Bork, Leon Valentin; Rohn, Sascha; Kanzler, Clemens

The browning of plant-based food is commonly understood to result from the enzymatic polymerization of phenolic compounds to pigments, called melanin. However, during the thermal treatment of food, enzymes are deactivated, and non-enzymatic reactions predominate. The extent of the contribution of phenolic compounds to these non-enzymatic reactions has been speculated (“melanin-like vs. melanoidin-like”), but the literature is limited. Therefore, the aim of the present study was to investigate the heat-induced reactions of caffeic acid (CA), para-coumaric acid (CS), ferulic acid (FA), hydrocaffeic acid (HC), and 5-O-caffeoylquinic acid (CGA) under dry conditions. The model systems were characterized by color formation, reactant conversion, and antioxidant properties. Reaction products were analyzed by high-resolution mass spectrometry (HRMS) and nuclear magnetic resonance (NMR) spectroscopy.
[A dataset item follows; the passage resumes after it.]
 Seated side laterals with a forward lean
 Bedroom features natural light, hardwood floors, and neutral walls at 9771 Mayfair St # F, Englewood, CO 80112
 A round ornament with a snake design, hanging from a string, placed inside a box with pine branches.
Decarboxylation could be classified as the driving force for the observed color formation and was significantly impacted by the substitution of the aromatic system. Reaction products were found to contribute to an increase in the antioxidant properties of the model systems. The oligomers described in this study could be incorporated into food melanoidins, contributing to the color and antioxidant properties observed in roasted food rich in phenolic compounds, such as coffee or cocoa.